→ **TASK BRIEF**
From the first line of the entries below through the line bearing "Tiempos de procesamiento", write out each line exactly. Omit pictures.

→ **DATA SECTION**
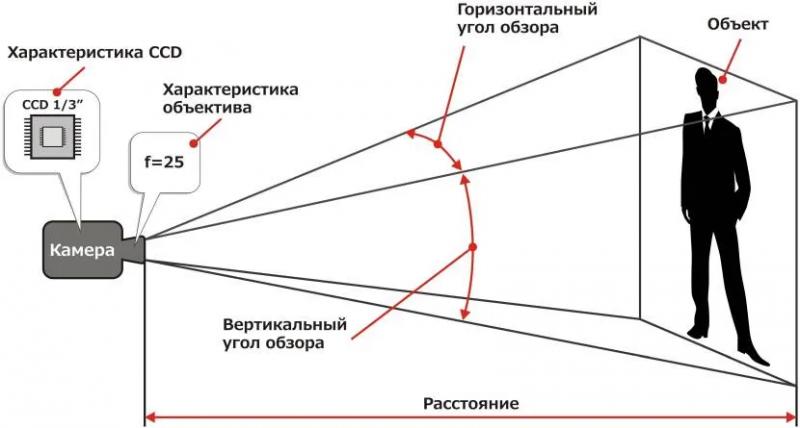 Скрытое видеонаблюдение – что это такое и как работает, виды, выбор камер, варианты установки, этапы монтажа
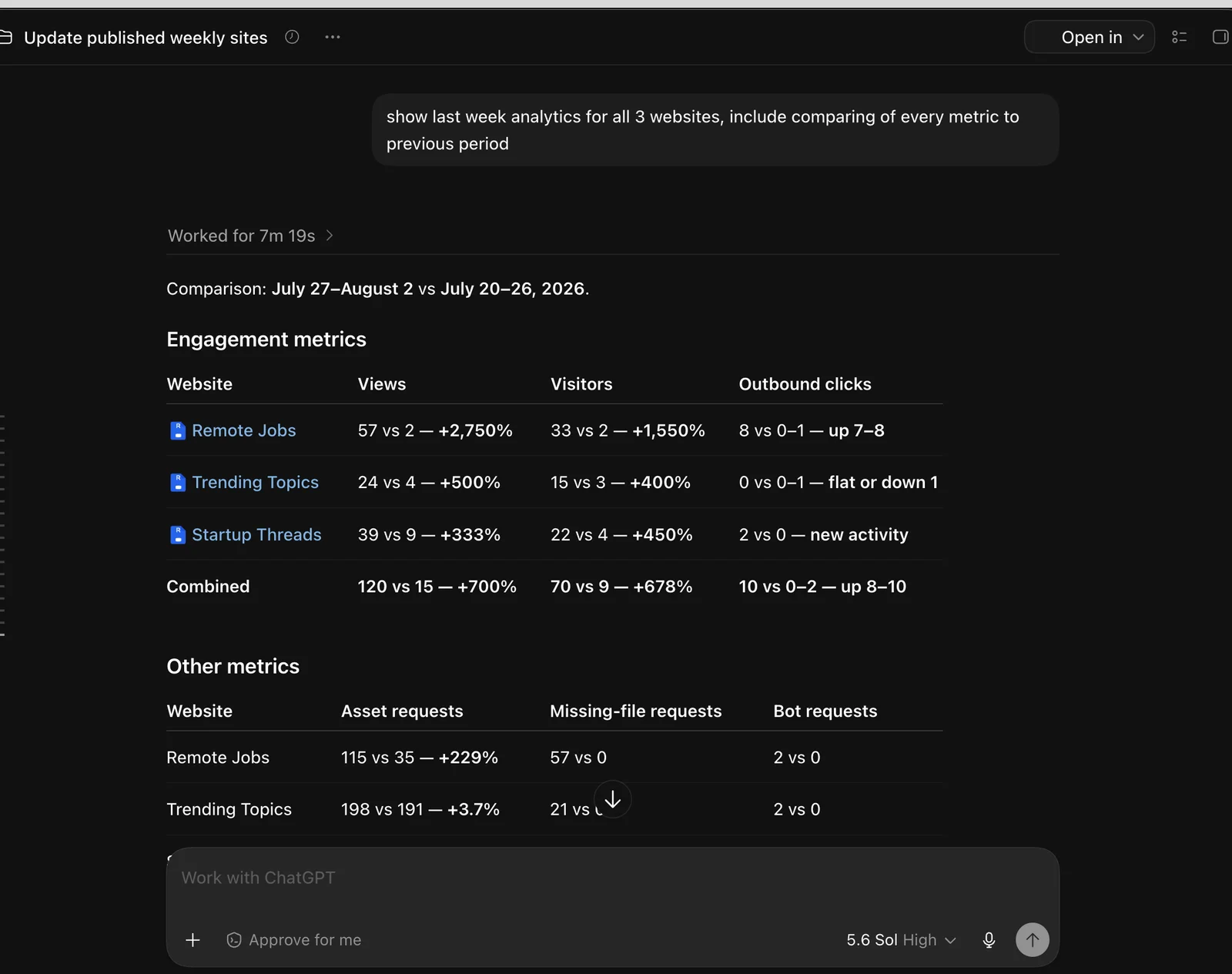 ChatGPT compares current and previous weekly analytics for the three Revdoku websites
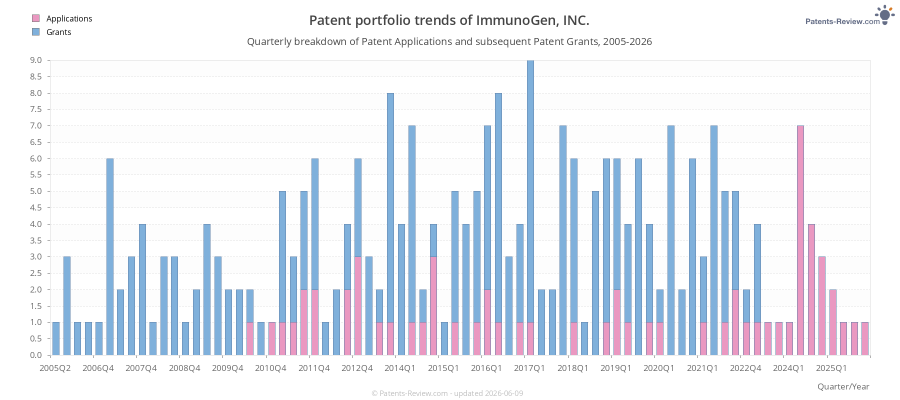 Quarterly ImmunoGen, INC. Patent Applications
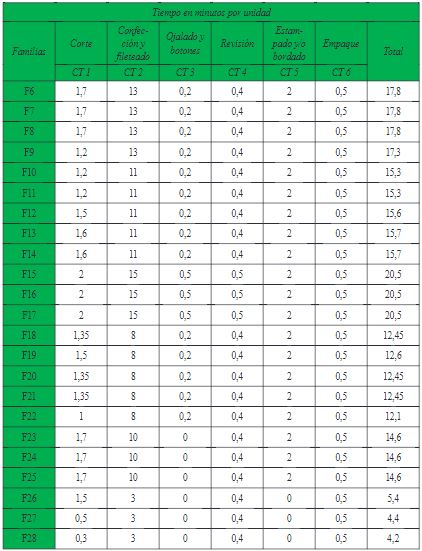 Tiempos de procesamiento en centros de trabajo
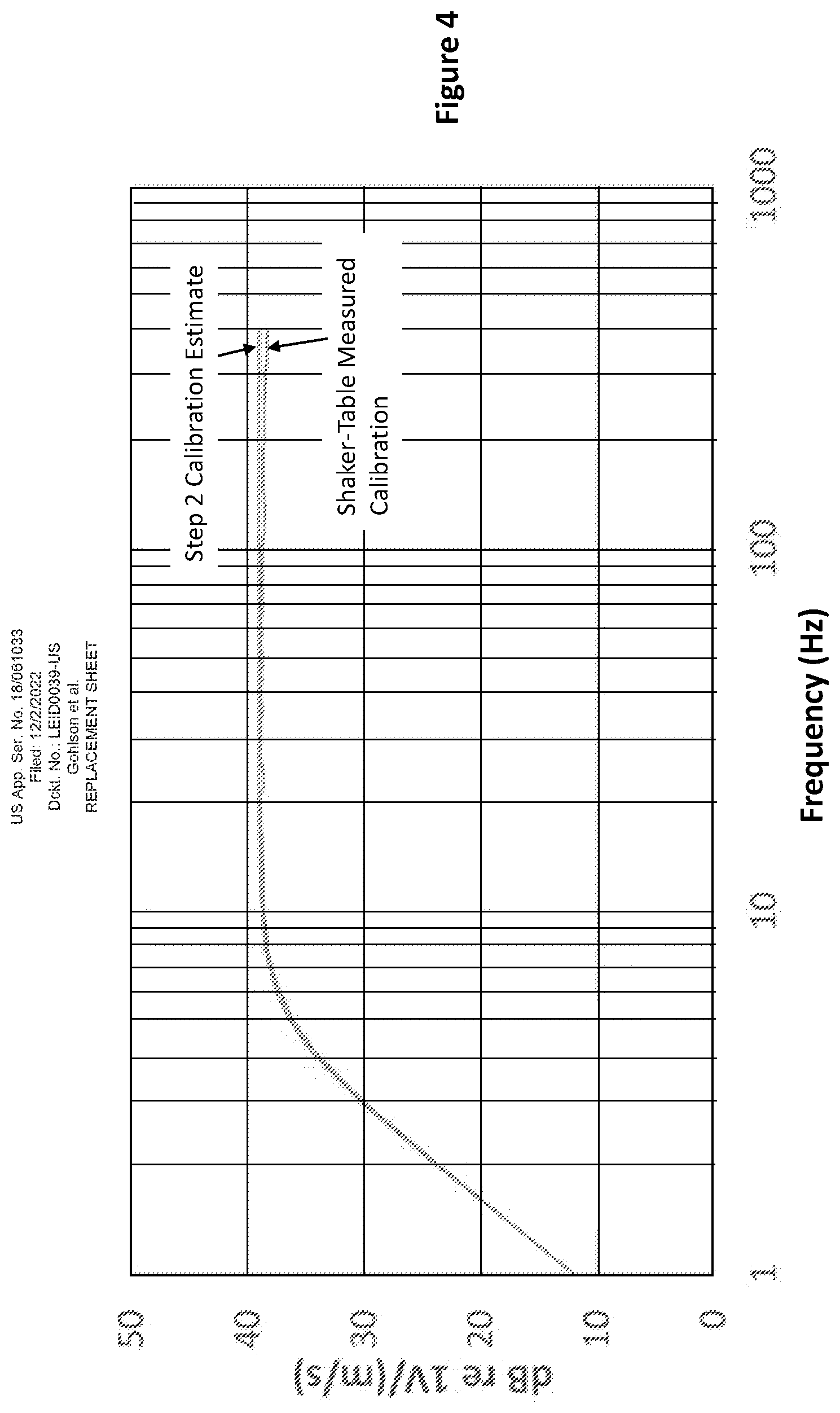 Patent US12174326 Figure 9 – Acoustic vector sensor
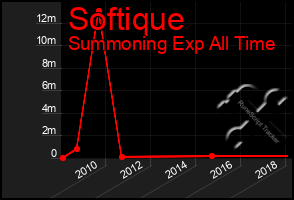 Total Graph of Softique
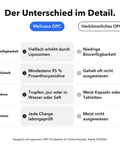Liposomales OPC: Der Unterschied im Detail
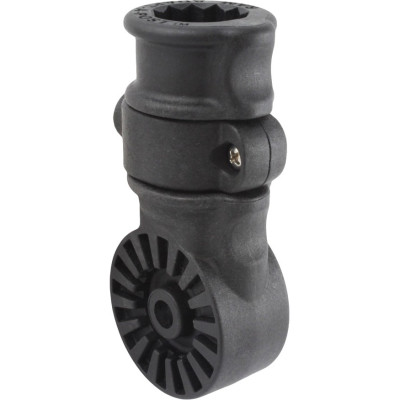 RAM Mount Products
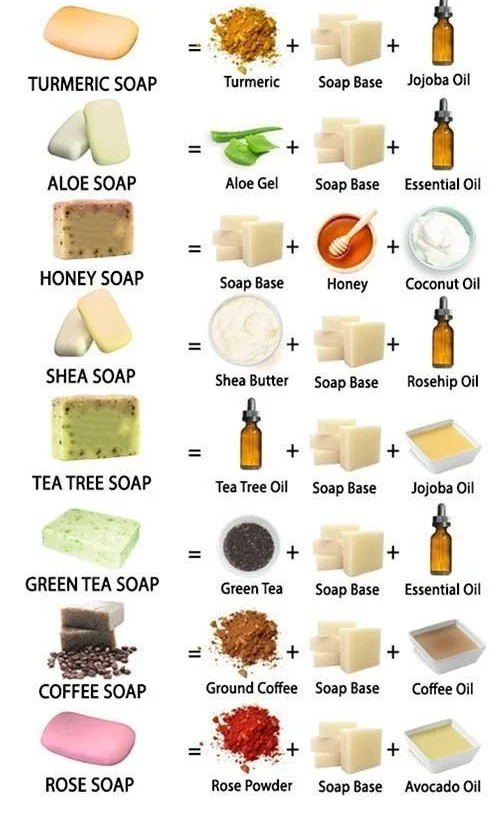 Homemade soap recipes featuring turmeric, aloe, and honey for natural beauty.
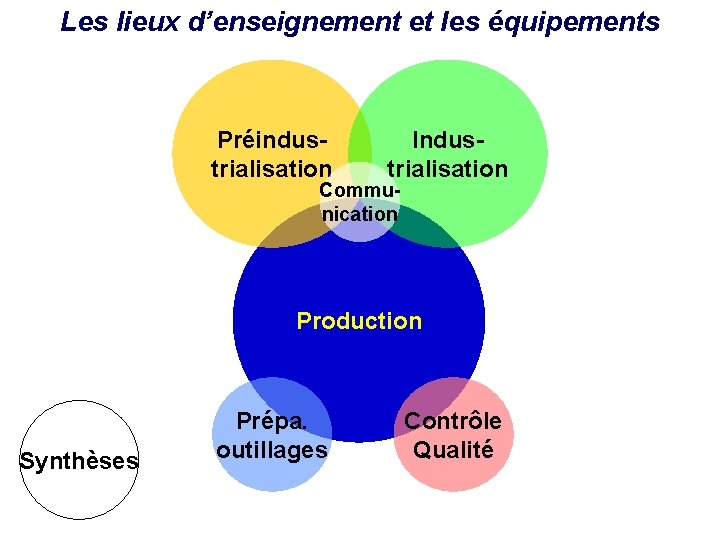 Les lieux d’enseignement et les équipements Préindustrialisation Industrialisation Communication Production Synthèses Prépa. outillages Contrôle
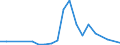 Direction of flow: Total / Type of cargo: Total / Nationality of registration of vessel: Total / Unit of measure: Thousand tonnes / Maritime entity (partner): France: Mediterranean / Maritime entity (reporting): Riga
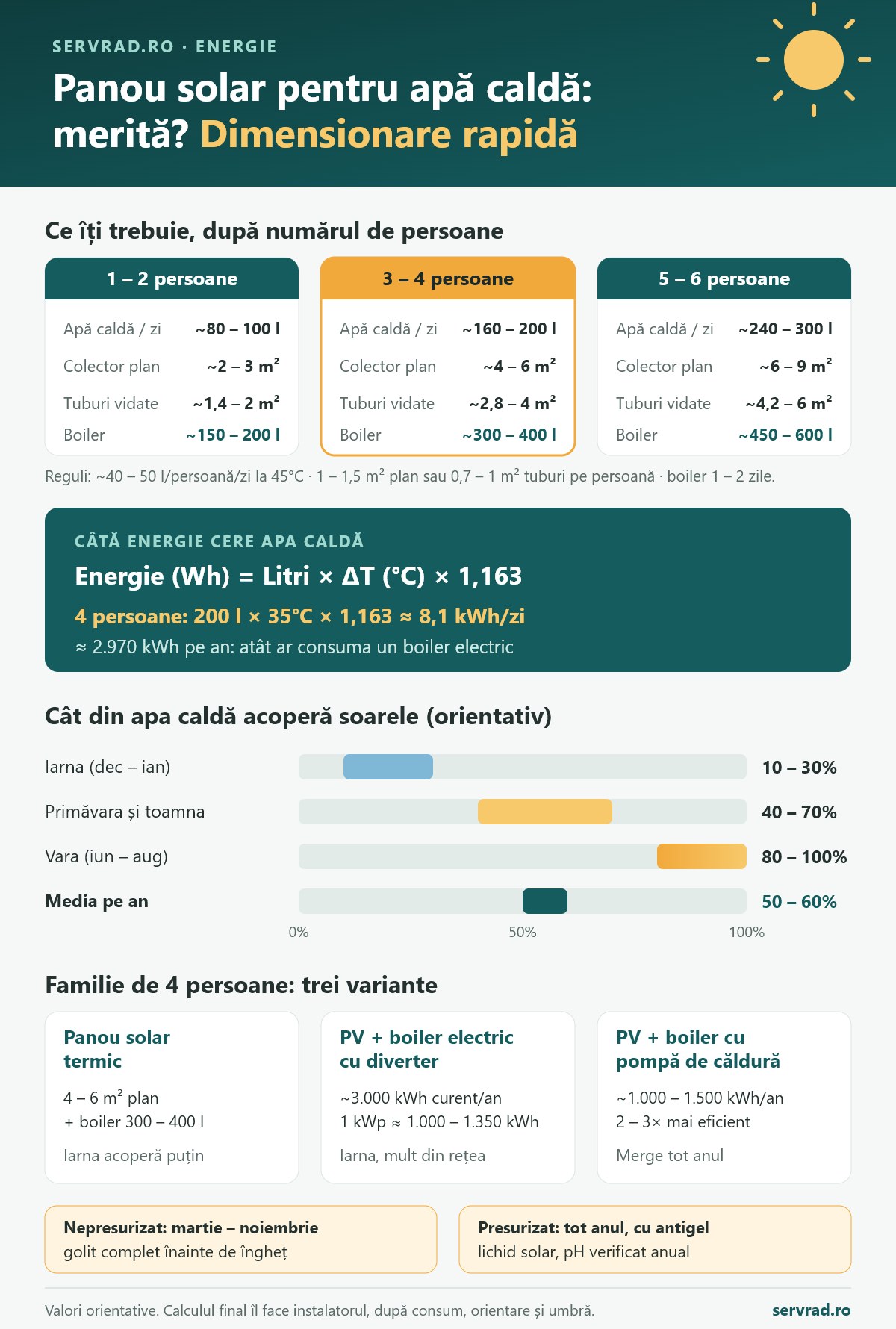 Infografic: dimensionarea unui panou solar pentru apă caldă, cât acoperă pe anotimpuri și comparația cu fotovoltaicele și boilerul cu pompă de căldură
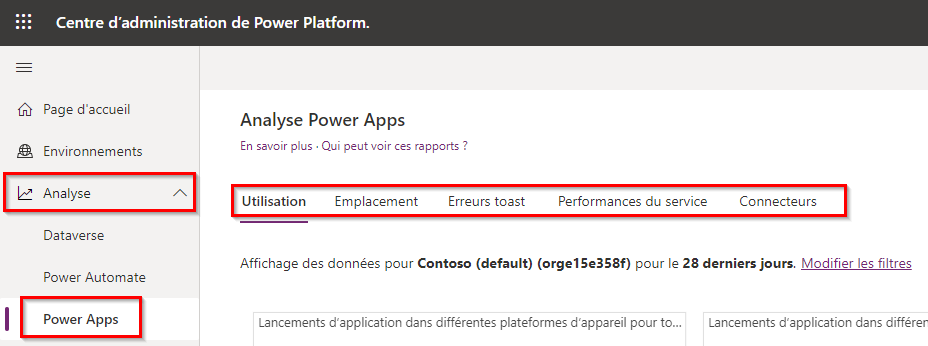 Capture d’écran du tableau de bord Analyses Power Apps mettant en évidence les options Analyses et Power Apps dans le menu gauche et les onglets d’état dans le tableau de bord.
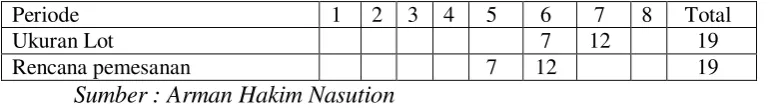 Tabel 2.7 Contoh Offsetting 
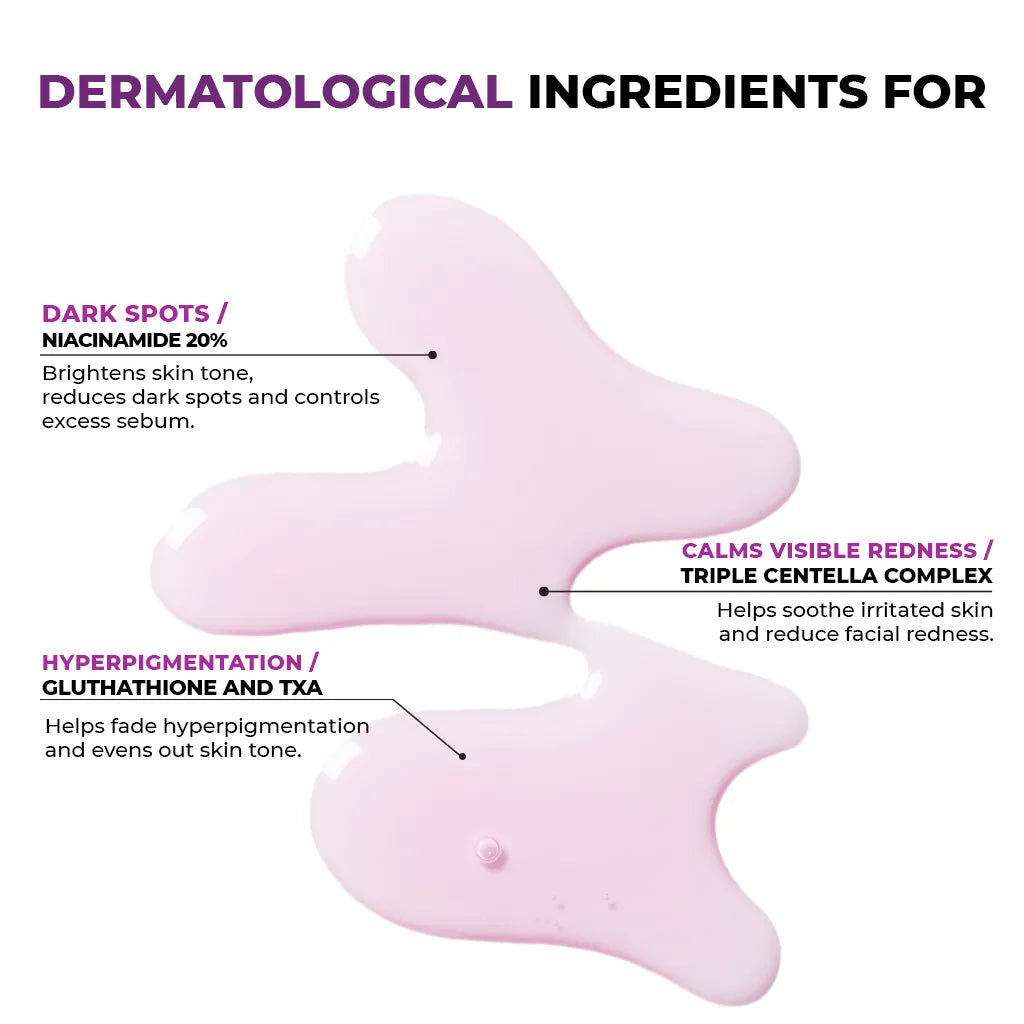 Jumiso – Niacinamide 20 Serum (30 ml)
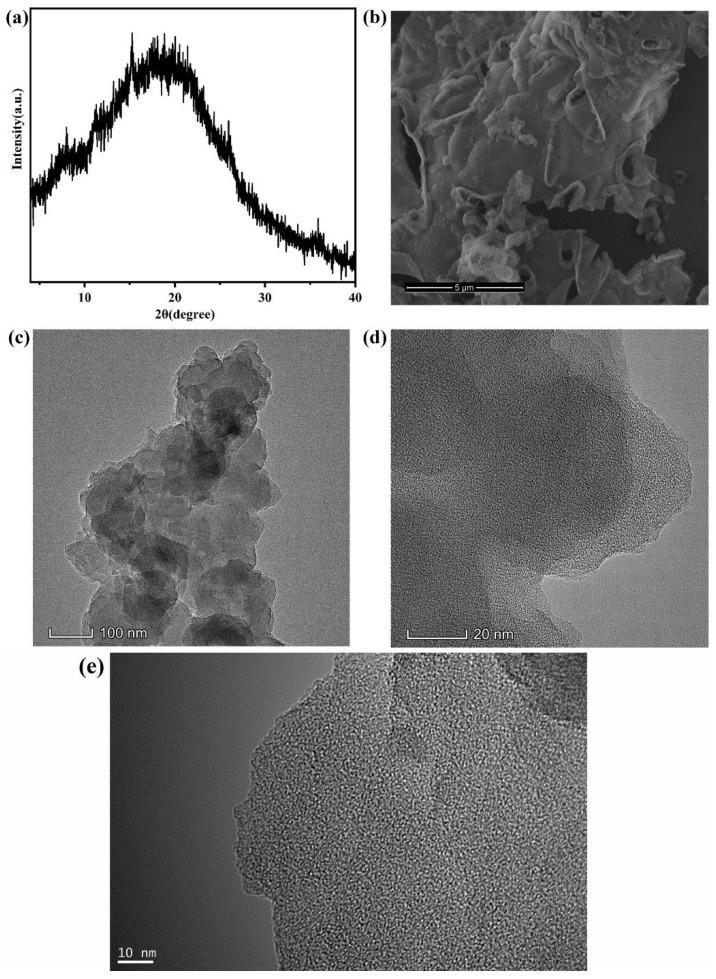 https://cdn.ncbi.nlm.nih.gov/pmc/blobs/bb45/10097301/83c59aeb0f2c/polymers-15-01709-g002.jpg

→ **WRITTEN SOLUTION**
 Скрытое видеонаблюдение – что это такое и как работает, виды, выбор камер, варианты установки, этапы монтажа
 ChatGPT compares current and previous weekly analytics for the three Revdoku websites
 Quarterly ImmunoGen, INC. Patent Applications
 Tiempos de procesamiento en centros de trabajo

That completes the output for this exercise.